■ REQUIRED ACTION
Wherever an image appears in the data, omit it and copy all the remaining text word for word.

Captioned web image data
━━━━━━━━━━━━━━━━━━━━━━━━━━━━━━
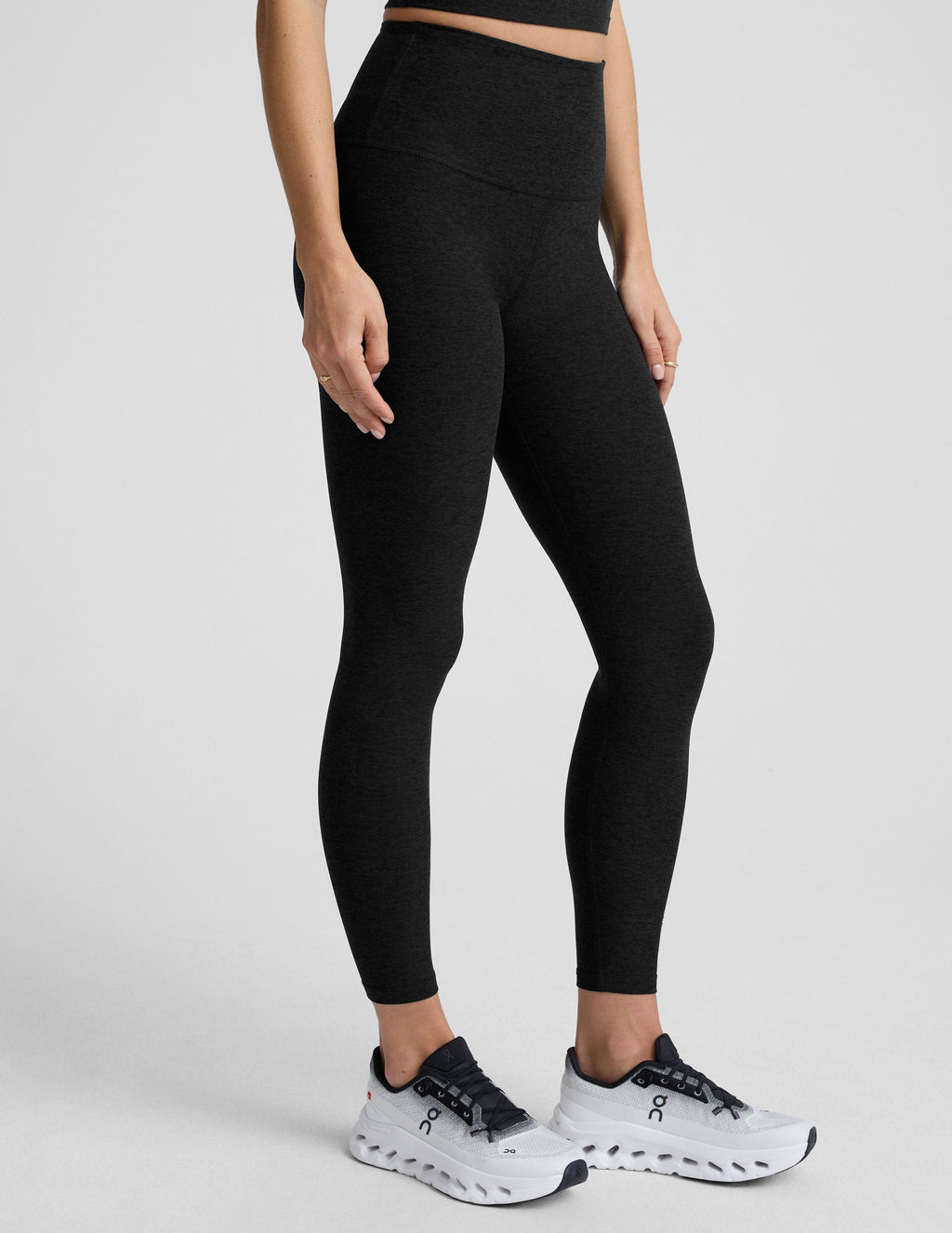 Spacedyea?¡é Caught In The Midi High Waisted Legging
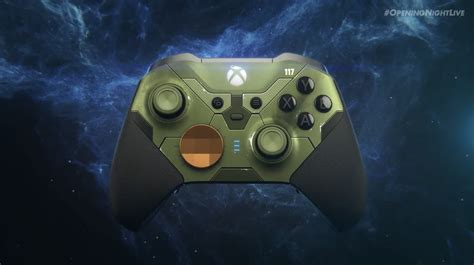 Xbox Series X Halo Infinite Limited Edition I Halo Elite Controller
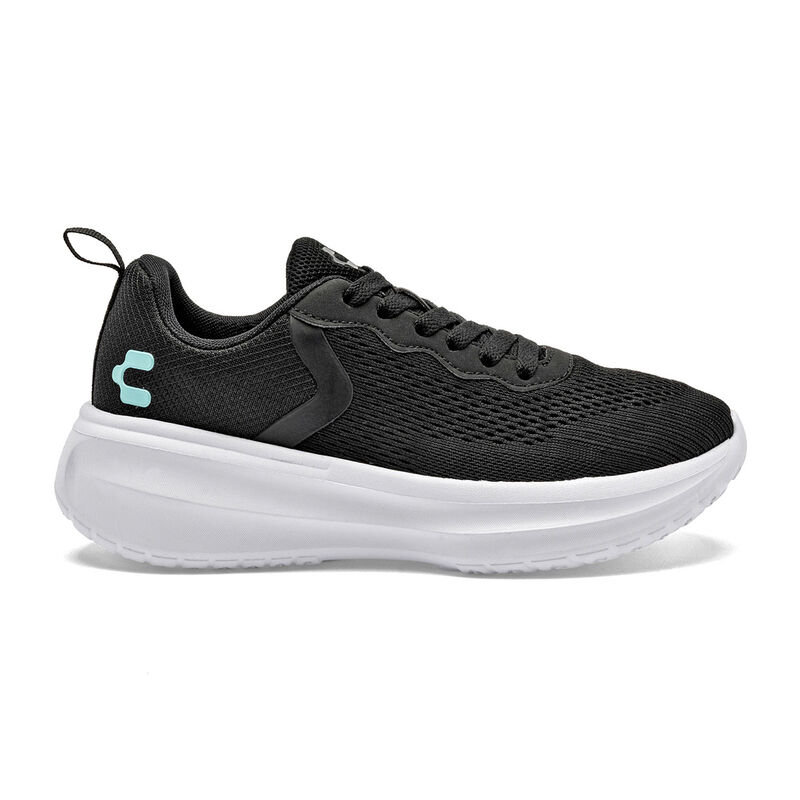 Charly Tenis Deportivo Negro Para Mujer 143546c... image number null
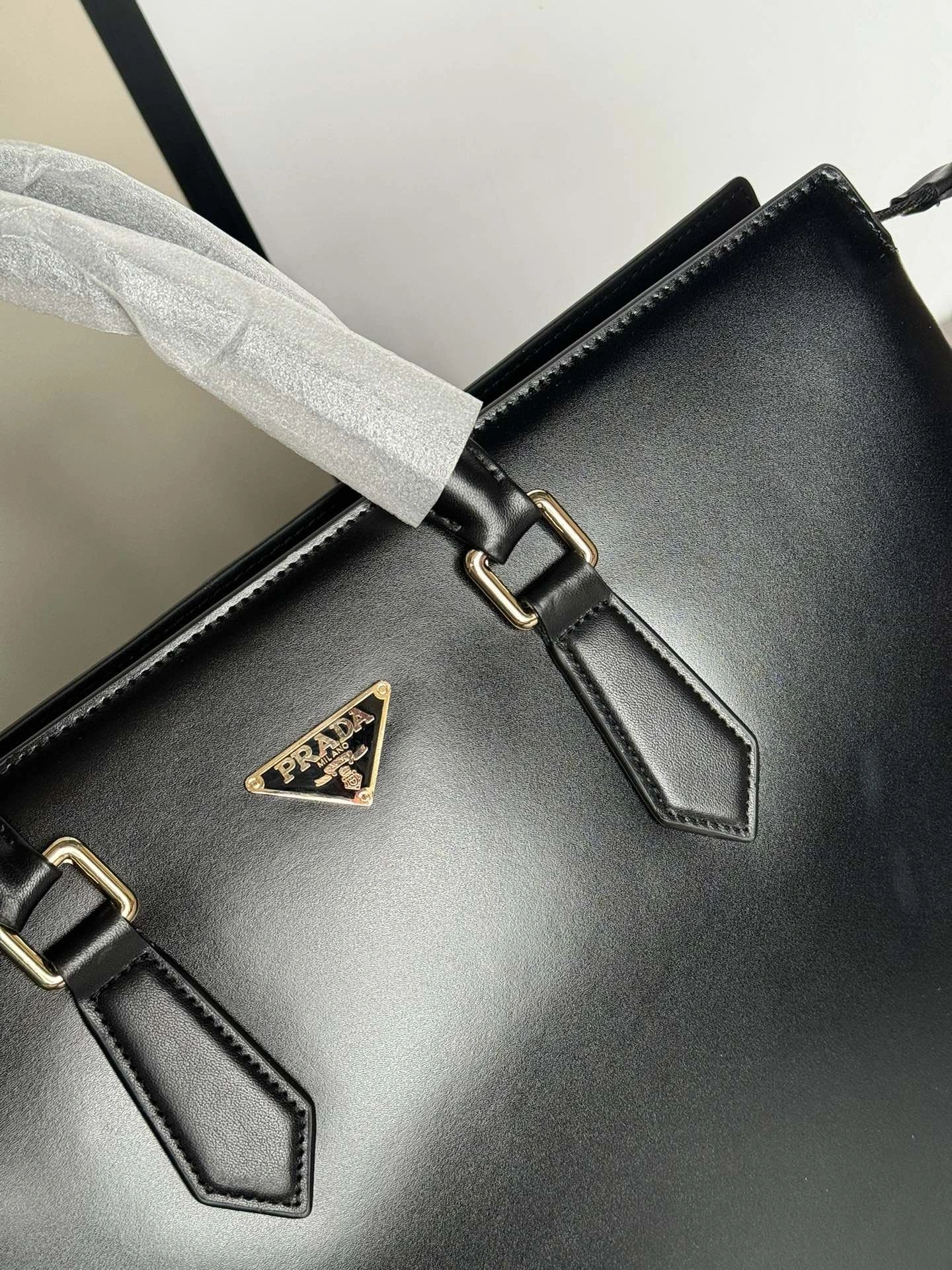 TopPick Mens Prada Briefcases 92426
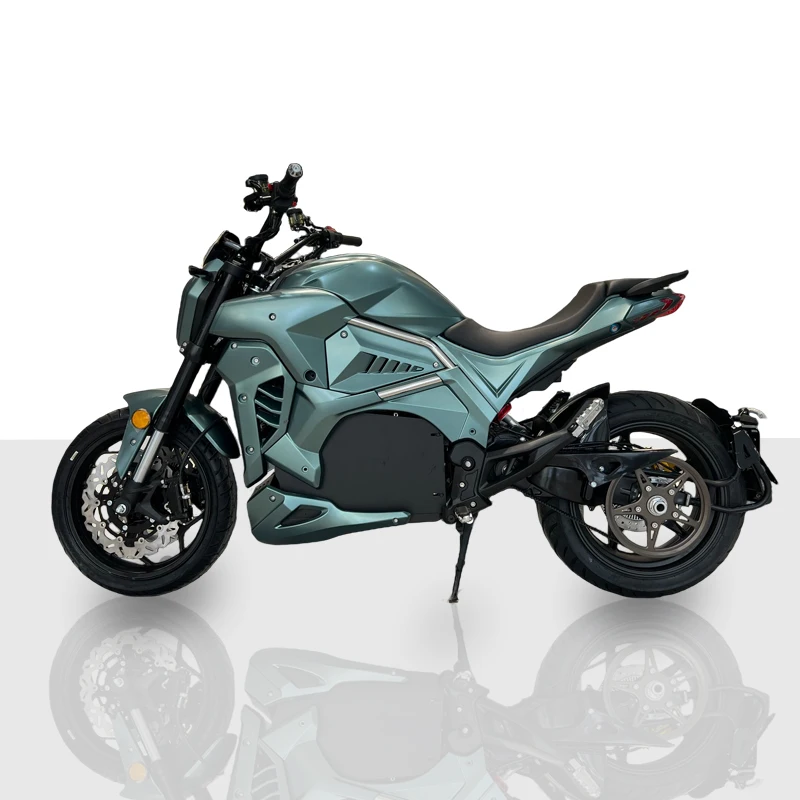 DIAVEL Perfect Configuration 8000w Mid Drive Motor 72V Lithium Adults Electric Motorcycles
━━━━━━━━━━━━━━━━━━━━━━━━━━━━━━
■ WRITTEN SOLUTION
 Spacedyea?¡é Caught In The Midi High Waisted Legging
 Xbox Series X Halo Infinite Limited Edition I Halo Elite Controller
 Charly Tenis Deportivo Negro Para Mujer 143546c... image number null
 TopPick Mens Prada Briefcases 92426
 DIAVEL Perfect Configuration 8000w Mid Drive Motor 72V Lithium Adults Electric Motorcycles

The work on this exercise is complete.